Prior inventions and disclosures described below address certain aspects of the proposed solution, but do not provide a solution to the problem of distracted operators.

Conduct inference apparatus (Patent No. US8045758, 2011 ) uses the body pose to detect a hand moving to the ear and assumes mobile device usage when it is detected. This disclosure assumes that an object such as a mobile device is present at the body parts (hands) tracked and therefore will generate false detections when the operator perform actions such as scratching the head or ear. This disclosure is also unable to distinguish between different objects that the operator may have in his/her hand. The invention detects a mobile phone and is trained on a data-set with negative samples (hands near the face without a mobile device). The invention will not generate similar false detections. The invention is also capable of distinguishing between different objects in the hand of the operator.

Action estimating apparatus, method for estimating occupant's action, and program (Patent No. US8284252, 2012) published by the same authors, uses body pose method to detect the position of the arm and matches it to predetermined positions of talking on a mobile device. This disclosure also make use of only the tracked positions of body parts such as the hands, elbow and shoulder. The disclosure does not detect an object from the image and only classify mobile device usage based on movements of the operator. The invention detects objects such as the mobile device, tracks body part locations and classifies mobile device usage by movement of the object over time with the LSTM recurrent neural network.

Real-time multiclass driver action recognition using random forests (Patent No. US9501693,

2016) uses 3-dimensional images together with random forest classifiers to predict driver actions and mobile device usage. This disclosure use only a single image to predict driver actions. Therefore, no temporal information is used. The disclosure is limited to random forest classifiers, while the invention is not limited and make use of state-of-the-art convolutional neural networks. The invention use temporal information from multiple images in sequence with the LSTM recurrent neural network and the ensemble of classifiers enable a more accurate prediction model than a single image random forest model as discussed in the disclosure.
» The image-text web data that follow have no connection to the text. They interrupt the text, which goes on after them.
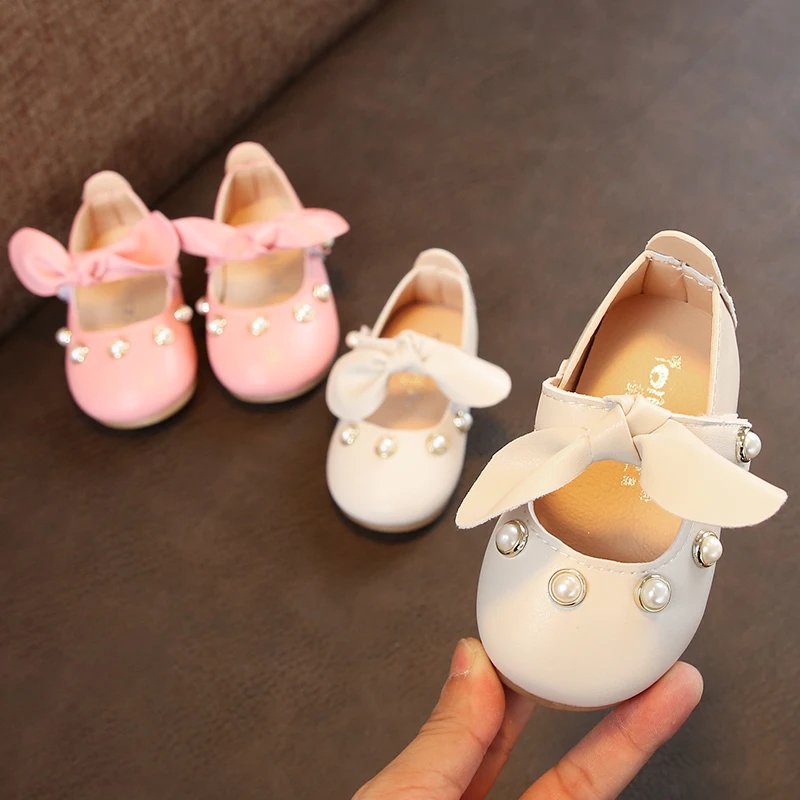 2019 New Spring Baby Girl Princess Pearl Shoes Toddler Party Anti-slip Bowtie Casual Enfants Size 15-25 | Мать и ребенок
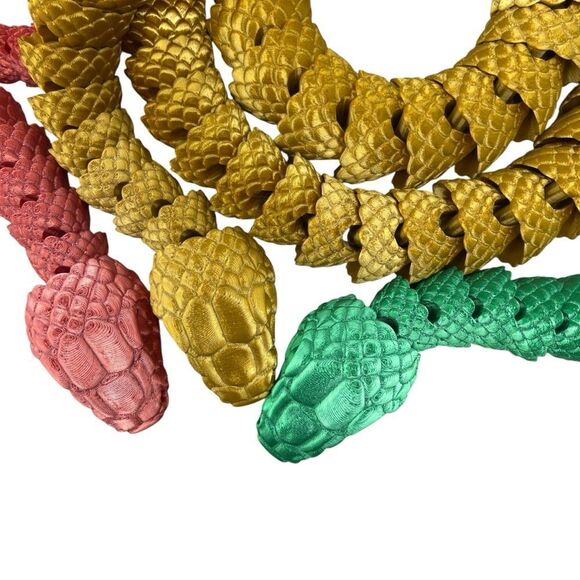 Year of the Snake Articulating 3DPrint 5' Long (Set 3) Red Green Gold Décor Gift - Picture 6 of 7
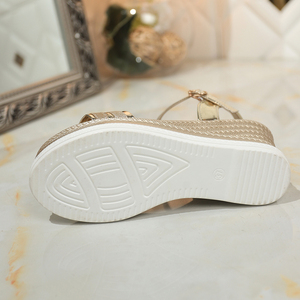 Sandales compensées à plateforme pour femmes, à bout ouvert, avec bride scintillante et boucle à la cheville, style <span class=keywords><strong>espadrille</strong></span>, chaussures d'été tendance pour femmes - Product Image 6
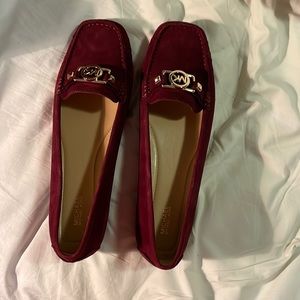 Michael Kors burgundy suede moccasins w gold MK charm - size 12 - never worn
Machine learning approach for detecting mobile phone usage by a driver (Patent No. US9721 173,

2017), detects mobile device usage from outside the vehicle using a frontal view. Body pose detection and CNNs are not used. Instead, hand-crafted features such as Scale-Invariant Feature Transform (SIFT), Histogram of Gradients (HoG) and Successive Mean Quantization Transform (SMQT) are used. In this disclosure hand-crafted features are used which is not as accurate as CNNs. The disclosure is also limited to frontal views from outside the vehicle. This disclosure make no use of temporal information. The invention is not limited to specific viewing positions and works from outside of inside the vehicle.

Method for detecting driver cell phone usage from side-view images (Patent No. US9842266, 2017) was published by the same authors in which additional side-view images were used instead of only frontal images. Similar to the previous disclosure, hand-crafted features are used and no temporal information is used which makes the invention more accurate. This disclosure use very specific side-view images of vehicles and will fail when the windows are tinted.

SUMMARY OF THE DISCLOSURE

According to a first aspect of the invention, there is provided an operator behavior recognition system comprising hardware including at least one processor, a data storage facility in communication with the processor and input/output interfaces in communication with the processor, the hardware being configured to implement a set of convolutional neural networks (CNNs) including:

an object detection group into which at least one image is received from an image source for detecting at least one object in the image and to delineate the object from the image for further processing, at least one of the objects being detected being a face of a person;

a facial features extraction group into which the image of the person's face is received and from which facial features from the person's face are extracted; and

a classifier group which assess the facial features received from the facial feature extraction group in combination with objects detected by the object detection group to classify predefined operator behaviors.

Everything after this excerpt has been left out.